Synopsis of 4×15: With his secrets laid bare and desperate to rescue William from Darhk, Oliver calls in help from Vixen, suspends his campaign for mayor and ultimately finds a way to hit Damien’s power at the source.
Rating: ★★★☆☆
“What does it say about our relationship if your first instinct is to never tell the truth,” Felicity asks Oliver at the top of this week’s episode of Arrow, “Taken.” It’s a statement she probably could have made dozens of times since the series started and it’s strange to see it deployed here as it is.
So much of the interpersonal drama of Arrow has come from the secrets characters hide from each other and, despite their attempts to infuse some drama and consequences for those secrets, there’s little new here for longtime watchers of the show.

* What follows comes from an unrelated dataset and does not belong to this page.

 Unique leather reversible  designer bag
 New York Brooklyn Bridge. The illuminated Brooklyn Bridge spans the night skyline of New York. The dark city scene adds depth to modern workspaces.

After Darhk kidnapped William last episode, Oliver and Samantha are desperate to find their son, even recruiting Detroit’s animal-themed hero, Vixen, to help track down the agent of HIVE. There’s some fun action here but the majority of the plot is fairly standard. It’s another episode where the game tangles with Darhk and he beats them up with magic.
At least the effects are neat. I noted how great Vixen’s effects looked in the character’s animated debut but they’re really cool in live action. The producers clearly infused her powers with ethereal, magical style and it looks great, better than this show often has and it highlights one of the most interesting issues about the show’s main cast.
There’s a compelling case to be made that moreso than in Flash, the extended cast of Arrow is stronger than the core protagonists. After being a less than compelling character in the first two seasons, Laurel is often an interesting driven individual with a host of her own stories. In his best moments, Diggle’s focus on family is much more compelling than what’s going on in any given episode.
The standout moments of this season have been Vixen’s appearances here and Constantine’s appearance at the beginning of the season that also gets a brief shoutout here. With everyone else going through familiar character beats, only the characters in the series’ margins get to have any development or fun.
Despite this, the focus is really on the consequences here. Vixen and Oliver figure out a way to at least temporarily break Darhk’s power, Oliver suspends his mayoral campaign, Felicity breaks her and Oliver’s engagement and learns to walk again. It’s nice to see the show begin to take steps at interrogating its characters and their relationships but it feels too little, too late. I mean, is Oliver lying about his son to Felicity the worst thing he’s done?
Remember when he married Nyssa al Ghul and took over an international terrorist syndicate without telling anyone? Remember when he set Felicity up to help him fight an insane, homicidal super villain? Remember when Oliver concealed Malcolm’s identity as Thea’s real father from everyone?
I mean, at least he has a reason for not telling people about William and everyone agrees that he’s in the right for not talking about his son but apparently this is the last straw for Felicity. I just don’t buy it, especially under the circumstances laid out here. At least Malcolm and Thea’s breakdown at the episode’s conclusion feels real and lived in, like a natural development in these two’s often complicated relationship.
“Taken” is clearly setting up the endgame for this season more than anything and it will be interesting to see how the major players get in position for the season’s final episodes but the big emotional beats feel less like game changes and more like minor shuffles of the cards. It’s good to see Arrow begin to make changes to the status quo, but it needs to ground those developments in believable actions and character motivations.